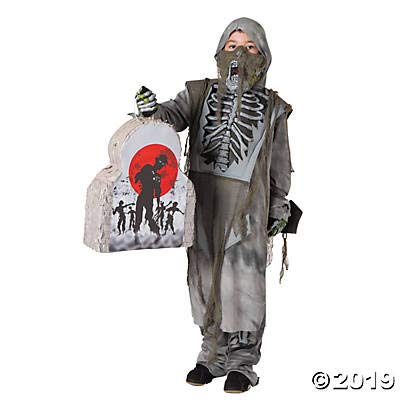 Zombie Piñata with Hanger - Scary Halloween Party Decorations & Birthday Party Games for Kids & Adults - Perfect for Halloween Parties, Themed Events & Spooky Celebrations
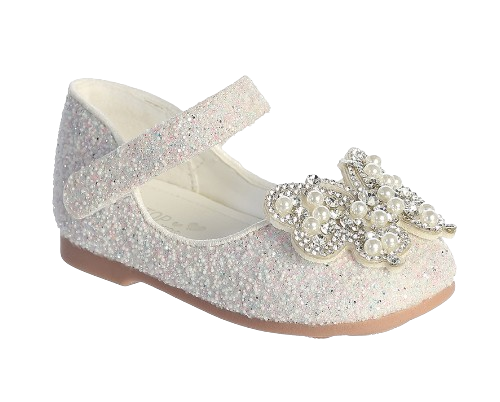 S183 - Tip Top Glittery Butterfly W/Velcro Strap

* * *

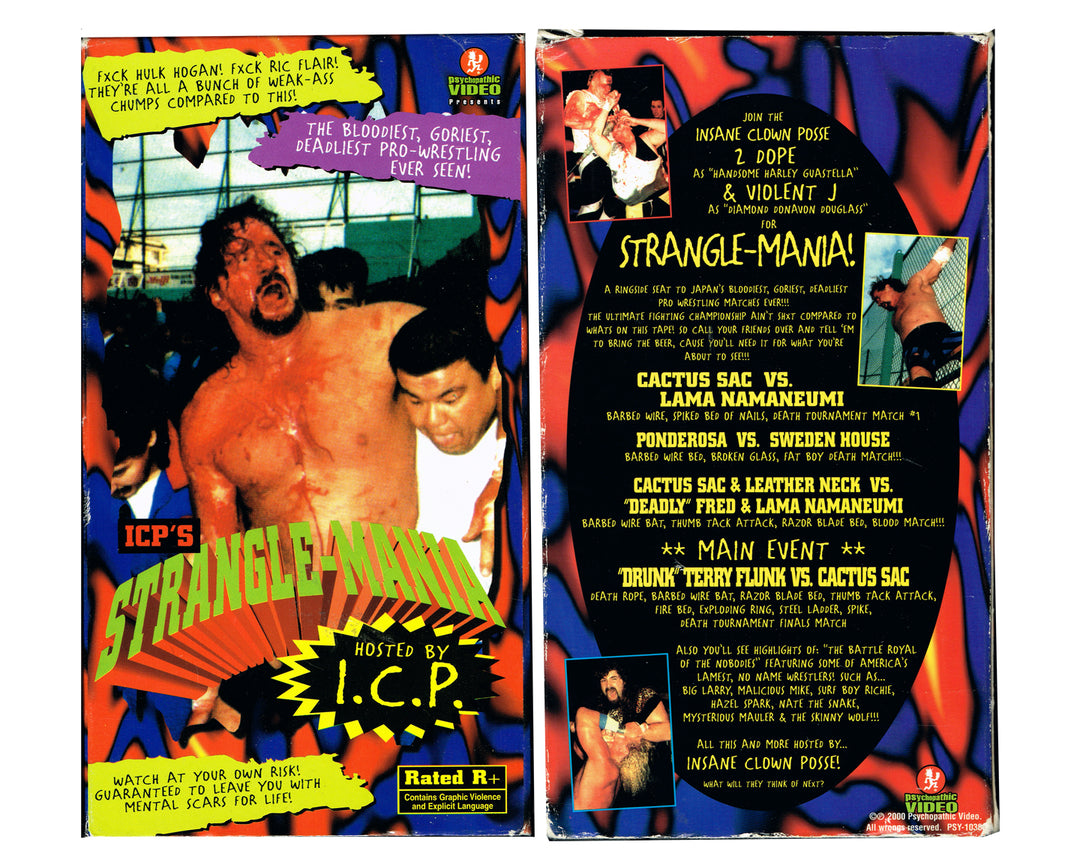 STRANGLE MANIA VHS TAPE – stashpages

*WHAT YOU NEED TO DO*.
In the entries above, find the line with "Zombie Piñata with" and the line with "S183 - Tip Top". Write out exactly those two lines and every line between them, pictures excluded.

*RESULT FOR THIS EXERCISE*.
 Zombie Piñata with Hanger - Scary Halloween Party Decorations & Birthday Party Games for Kids & Adults - Perfect for Halloween Parties, Themed Events & Spooky Celebrations
 S183 - Tip Top Glittery Butterfly W/Velcro Strap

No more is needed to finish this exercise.